■ Required action ■
Could you filter the records below and return each line that holds "Size"?

■ Records for the exercise ■
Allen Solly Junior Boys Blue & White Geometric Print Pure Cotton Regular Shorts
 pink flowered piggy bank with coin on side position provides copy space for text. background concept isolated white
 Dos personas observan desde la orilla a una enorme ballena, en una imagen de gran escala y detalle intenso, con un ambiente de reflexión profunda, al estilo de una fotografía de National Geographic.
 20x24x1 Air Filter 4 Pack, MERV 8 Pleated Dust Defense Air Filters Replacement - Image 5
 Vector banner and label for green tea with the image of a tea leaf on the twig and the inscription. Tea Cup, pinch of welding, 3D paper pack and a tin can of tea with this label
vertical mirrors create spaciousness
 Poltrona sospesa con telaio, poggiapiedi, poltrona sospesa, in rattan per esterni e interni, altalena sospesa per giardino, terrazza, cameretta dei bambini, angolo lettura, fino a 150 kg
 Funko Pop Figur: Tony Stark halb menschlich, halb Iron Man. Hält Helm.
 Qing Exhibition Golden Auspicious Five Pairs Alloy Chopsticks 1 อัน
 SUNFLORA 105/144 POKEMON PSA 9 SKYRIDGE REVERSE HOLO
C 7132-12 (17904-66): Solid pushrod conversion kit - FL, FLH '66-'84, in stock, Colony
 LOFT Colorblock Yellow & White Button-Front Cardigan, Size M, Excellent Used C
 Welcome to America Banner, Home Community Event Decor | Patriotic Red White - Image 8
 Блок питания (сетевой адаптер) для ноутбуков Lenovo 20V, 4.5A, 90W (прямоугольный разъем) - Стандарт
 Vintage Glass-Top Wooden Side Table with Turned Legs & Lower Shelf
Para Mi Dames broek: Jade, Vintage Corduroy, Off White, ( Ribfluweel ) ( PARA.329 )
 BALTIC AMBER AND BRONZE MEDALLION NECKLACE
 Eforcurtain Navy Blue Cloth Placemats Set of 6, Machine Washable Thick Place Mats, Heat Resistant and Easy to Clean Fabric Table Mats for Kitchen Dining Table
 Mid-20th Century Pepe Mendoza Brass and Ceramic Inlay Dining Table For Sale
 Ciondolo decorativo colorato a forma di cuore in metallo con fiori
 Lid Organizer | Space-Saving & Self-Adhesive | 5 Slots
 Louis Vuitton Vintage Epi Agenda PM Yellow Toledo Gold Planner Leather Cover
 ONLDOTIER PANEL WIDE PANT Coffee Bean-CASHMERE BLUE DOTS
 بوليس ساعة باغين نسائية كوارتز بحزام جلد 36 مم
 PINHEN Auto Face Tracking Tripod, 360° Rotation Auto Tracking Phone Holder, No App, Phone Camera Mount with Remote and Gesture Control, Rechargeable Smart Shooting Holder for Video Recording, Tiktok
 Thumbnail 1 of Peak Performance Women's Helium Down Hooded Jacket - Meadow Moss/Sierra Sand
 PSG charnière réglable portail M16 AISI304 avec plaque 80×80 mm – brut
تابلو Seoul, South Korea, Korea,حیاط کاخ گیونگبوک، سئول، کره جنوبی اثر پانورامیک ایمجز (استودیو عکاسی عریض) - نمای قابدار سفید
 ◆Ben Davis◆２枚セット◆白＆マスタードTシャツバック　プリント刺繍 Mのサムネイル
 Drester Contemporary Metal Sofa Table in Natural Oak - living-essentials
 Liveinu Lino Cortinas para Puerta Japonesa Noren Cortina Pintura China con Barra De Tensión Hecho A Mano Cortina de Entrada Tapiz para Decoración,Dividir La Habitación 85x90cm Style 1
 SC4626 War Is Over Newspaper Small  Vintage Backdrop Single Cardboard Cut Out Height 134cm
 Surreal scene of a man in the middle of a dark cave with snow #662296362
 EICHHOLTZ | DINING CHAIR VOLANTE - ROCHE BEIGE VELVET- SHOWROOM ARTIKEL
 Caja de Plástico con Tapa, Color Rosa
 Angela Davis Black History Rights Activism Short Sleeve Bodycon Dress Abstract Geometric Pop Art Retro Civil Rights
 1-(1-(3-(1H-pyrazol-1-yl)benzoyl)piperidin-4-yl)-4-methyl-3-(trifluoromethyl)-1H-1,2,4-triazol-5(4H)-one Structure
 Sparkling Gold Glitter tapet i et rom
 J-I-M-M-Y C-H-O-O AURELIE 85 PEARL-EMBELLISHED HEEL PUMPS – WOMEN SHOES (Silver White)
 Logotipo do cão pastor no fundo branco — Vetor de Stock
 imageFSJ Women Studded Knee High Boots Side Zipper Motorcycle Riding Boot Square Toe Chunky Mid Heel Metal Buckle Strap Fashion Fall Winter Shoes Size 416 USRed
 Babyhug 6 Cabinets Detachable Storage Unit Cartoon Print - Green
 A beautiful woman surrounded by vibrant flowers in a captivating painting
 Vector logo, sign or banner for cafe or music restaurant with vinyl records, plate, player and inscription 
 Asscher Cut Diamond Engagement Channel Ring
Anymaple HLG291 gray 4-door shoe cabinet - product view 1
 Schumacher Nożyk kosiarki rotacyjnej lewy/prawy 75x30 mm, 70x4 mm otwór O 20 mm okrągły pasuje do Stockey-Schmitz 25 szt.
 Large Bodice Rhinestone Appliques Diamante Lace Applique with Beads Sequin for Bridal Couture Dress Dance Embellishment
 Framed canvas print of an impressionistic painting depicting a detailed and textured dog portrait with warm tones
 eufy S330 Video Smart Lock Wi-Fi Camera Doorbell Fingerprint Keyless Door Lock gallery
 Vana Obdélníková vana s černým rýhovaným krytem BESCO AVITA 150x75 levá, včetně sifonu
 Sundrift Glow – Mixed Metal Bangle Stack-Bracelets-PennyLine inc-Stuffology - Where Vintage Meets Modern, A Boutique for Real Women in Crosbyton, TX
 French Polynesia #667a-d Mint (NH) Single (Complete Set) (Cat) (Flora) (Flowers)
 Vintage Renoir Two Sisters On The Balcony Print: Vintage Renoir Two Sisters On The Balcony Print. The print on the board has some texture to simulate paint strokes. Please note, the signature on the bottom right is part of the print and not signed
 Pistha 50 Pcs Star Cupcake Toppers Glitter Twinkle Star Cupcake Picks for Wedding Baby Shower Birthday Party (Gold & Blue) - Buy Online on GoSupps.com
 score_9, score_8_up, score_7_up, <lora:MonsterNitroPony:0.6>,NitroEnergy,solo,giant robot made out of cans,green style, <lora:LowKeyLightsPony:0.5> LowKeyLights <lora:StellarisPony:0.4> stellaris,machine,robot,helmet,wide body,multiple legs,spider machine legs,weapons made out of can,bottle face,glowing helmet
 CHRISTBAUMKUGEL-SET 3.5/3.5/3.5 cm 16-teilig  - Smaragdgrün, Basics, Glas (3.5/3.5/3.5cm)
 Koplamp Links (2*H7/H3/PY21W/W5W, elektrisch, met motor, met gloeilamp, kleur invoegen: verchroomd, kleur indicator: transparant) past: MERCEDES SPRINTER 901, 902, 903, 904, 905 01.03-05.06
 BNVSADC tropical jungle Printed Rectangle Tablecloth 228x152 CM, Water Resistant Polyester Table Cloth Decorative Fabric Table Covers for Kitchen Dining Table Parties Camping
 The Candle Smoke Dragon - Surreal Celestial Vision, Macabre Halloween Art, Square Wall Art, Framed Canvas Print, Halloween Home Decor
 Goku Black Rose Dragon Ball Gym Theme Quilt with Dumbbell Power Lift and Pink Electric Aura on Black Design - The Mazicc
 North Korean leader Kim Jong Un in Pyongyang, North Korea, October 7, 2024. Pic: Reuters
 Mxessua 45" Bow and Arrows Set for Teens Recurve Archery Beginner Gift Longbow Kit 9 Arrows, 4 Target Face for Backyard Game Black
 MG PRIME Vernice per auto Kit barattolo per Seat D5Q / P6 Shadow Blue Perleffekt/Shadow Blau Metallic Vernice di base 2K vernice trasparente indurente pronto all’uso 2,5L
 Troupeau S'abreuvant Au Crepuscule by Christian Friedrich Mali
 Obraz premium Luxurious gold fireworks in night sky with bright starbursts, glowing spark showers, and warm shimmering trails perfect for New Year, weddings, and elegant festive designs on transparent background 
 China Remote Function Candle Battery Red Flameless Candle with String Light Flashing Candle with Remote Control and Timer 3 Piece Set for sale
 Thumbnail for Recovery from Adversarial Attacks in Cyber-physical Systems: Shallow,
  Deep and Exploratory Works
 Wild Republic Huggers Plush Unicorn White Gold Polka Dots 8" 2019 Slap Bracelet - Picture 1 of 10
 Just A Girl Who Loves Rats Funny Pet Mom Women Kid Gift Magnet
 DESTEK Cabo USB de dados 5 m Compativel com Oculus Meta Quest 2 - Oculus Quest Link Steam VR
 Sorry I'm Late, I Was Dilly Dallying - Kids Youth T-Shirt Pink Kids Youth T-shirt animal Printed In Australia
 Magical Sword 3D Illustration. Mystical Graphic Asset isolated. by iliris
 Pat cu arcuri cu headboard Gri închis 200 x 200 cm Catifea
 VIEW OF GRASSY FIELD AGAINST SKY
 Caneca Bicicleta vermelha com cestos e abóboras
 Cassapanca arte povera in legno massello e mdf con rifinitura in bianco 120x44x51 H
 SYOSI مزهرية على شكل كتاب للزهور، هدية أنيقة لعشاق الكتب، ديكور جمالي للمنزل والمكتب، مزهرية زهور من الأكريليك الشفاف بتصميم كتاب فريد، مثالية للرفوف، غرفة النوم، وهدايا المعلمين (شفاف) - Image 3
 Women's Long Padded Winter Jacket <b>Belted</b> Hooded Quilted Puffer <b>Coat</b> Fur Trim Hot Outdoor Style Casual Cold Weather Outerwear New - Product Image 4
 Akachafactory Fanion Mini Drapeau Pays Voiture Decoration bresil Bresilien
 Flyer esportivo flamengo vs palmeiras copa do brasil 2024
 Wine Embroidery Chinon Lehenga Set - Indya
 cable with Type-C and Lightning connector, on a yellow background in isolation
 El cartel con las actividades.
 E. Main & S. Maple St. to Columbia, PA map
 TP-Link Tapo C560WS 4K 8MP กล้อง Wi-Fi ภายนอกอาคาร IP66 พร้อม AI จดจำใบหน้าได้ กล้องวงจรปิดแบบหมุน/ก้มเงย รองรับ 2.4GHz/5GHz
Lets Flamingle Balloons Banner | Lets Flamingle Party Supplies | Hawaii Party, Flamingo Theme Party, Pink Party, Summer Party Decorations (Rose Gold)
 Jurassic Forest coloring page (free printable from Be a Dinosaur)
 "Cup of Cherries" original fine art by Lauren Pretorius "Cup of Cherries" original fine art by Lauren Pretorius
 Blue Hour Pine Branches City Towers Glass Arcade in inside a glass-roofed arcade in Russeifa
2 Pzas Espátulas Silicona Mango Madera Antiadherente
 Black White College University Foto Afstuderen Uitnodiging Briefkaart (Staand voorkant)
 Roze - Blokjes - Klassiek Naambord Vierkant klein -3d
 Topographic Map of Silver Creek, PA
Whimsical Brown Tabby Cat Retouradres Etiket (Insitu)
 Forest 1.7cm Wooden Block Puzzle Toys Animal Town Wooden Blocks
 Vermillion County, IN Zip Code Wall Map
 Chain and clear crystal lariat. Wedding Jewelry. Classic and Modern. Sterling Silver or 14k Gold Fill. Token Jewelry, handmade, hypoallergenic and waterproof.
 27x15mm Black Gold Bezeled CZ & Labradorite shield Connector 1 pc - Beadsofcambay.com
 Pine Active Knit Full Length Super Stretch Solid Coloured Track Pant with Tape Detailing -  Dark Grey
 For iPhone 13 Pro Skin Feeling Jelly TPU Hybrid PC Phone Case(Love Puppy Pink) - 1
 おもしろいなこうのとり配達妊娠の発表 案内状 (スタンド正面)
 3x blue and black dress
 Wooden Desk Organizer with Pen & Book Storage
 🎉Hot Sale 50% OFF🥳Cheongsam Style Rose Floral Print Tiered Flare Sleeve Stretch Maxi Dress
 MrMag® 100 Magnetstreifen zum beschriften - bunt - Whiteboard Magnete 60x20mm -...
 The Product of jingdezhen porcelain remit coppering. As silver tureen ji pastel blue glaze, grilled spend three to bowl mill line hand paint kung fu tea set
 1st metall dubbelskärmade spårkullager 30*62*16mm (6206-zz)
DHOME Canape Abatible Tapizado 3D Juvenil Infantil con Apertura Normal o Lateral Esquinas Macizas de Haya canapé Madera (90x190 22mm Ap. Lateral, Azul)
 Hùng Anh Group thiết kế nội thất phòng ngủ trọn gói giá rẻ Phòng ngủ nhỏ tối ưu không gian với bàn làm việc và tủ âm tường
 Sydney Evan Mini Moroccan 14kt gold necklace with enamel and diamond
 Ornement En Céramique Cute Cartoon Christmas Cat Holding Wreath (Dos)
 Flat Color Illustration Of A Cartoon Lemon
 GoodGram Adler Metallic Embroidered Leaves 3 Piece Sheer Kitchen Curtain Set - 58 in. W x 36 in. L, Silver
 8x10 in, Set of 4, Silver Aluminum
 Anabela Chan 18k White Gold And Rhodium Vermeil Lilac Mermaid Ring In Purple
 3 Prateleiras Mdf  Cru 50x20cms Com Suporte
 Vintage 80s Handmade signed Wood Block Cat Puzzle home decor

■ Task output ■
 LOFT Colorblock Yellow & White Button-Front Cardigan, Size M, Excellent Used C
 imageFSJ Women Studded Knee High Boots Side Zipper Motorcycle Riding Boot Square Toe Chunky Mid Heel Metal Buckle Strap Fashion Fall Winter Shoes Size 416 USRed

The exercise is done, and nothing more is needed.